I have this thing. Which is quite annoying. You see, I’m incredibly accident prone. Which is funny because I’m the most paranoid, over-careful person you’ll meet. So it’s like I make myself fall over and fall off things and get sick.
I posted last week about my bout of super delightful tonsillitis which thankfully fucked off. However, I’ve since been left with a very tickly cough and resulting sore throat.
I gave up donuts and pizza’s and took up running to be HEALTHY and LOOK what it’s done to me??!!
Anyway. I ran/walked/cried for 20 miles on Sunday. OH came with me and ran for the first 6 before his knee gave in. I continued to mile 10 then turned back. Mile 8 was pretty brutal. I had one of my stitches that won’t go the fuck away. Then I got a bit pukey because I was trying to push through it. OH had caught me up walking by this point and was luckily on hand to clean me up and kick my arse into moving again.
At around mile 11, the humidity was getting to me. I was fucking miserable. The midgies were unbearable and for the first time in a long time I fucking HATED running. Hated it. Then a lovely man passed by, giving his daughter a piggy back as his misses pushed a pram and said “chin up,darlin, you’re doing well” and I had to wait 5 minutes until they’d passed so I could stop and sob and have a serious fucking word with myself.

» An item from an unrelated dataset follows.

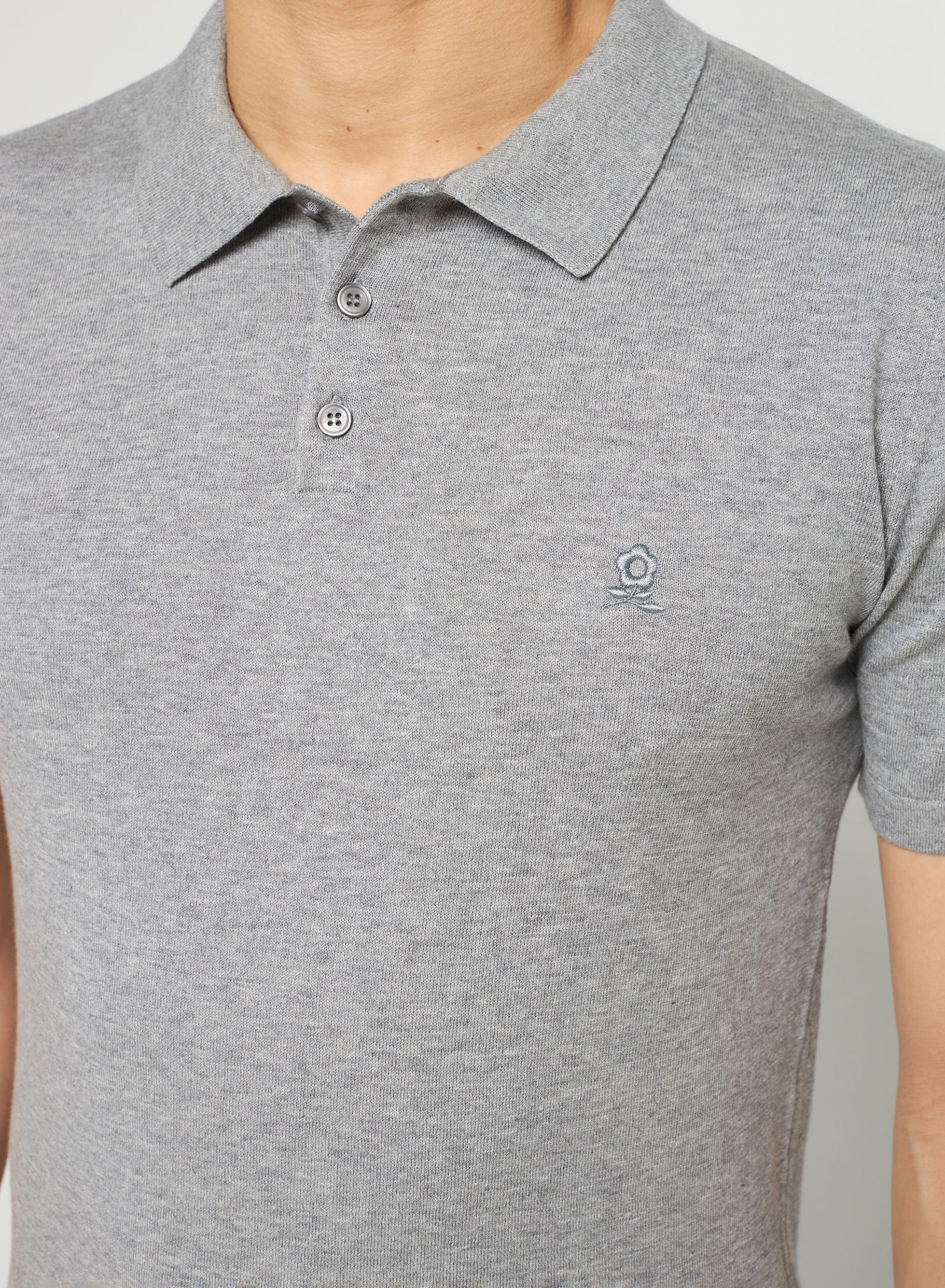 Polo en coton bio avec logo - Richie 7611 volute - 09 Gris moyen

When times get tough (and they got very fucking tough that day…) a wise chap I know has given me a few techniques to try and get myself to HTFU. So. Serveral shouty swears at myself, some serious reminding myself of how lucky I am to even be able to run in the first place, and I was on my way again. Around mile 13, I stumbled upon OH again who was freezing and waiting for me. He had really fucked his knee so was in no position to run back with me. He walked and I ran/jog/walked and eventually after 20.1 miles and 4hrs 12 mins, I got home.
I hurt. I had really given that last few miles everything. But I had smashed the big mental barrier I’d built for myself from day 1. My legs were actually ok. My hip wasn’t but fuck it. I’d only have 6.1 more miles to go on the day. AND I’m ahead of sweeper bus pace…

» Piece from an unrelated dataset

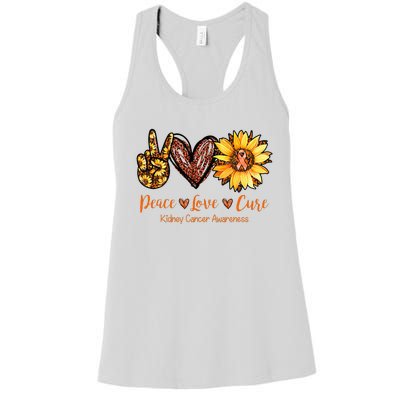 Daisy Peace Love Cure Kidney Cancer Awareness Gift Women's Racerback Tank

Monday arrived and myself and OH departed for 4 days in the highlands for our joint birthday. Mountain bikes strapped to the back of the car, suitcases full of kit. Perfect.
Except I’m Bean. Which inevitably means that something will go tits up.
I’m a very nervous cyclist and after 15 years of very little bike action, I’ve recently rekindled my love of it. Albeit very slowly and not too steep, please.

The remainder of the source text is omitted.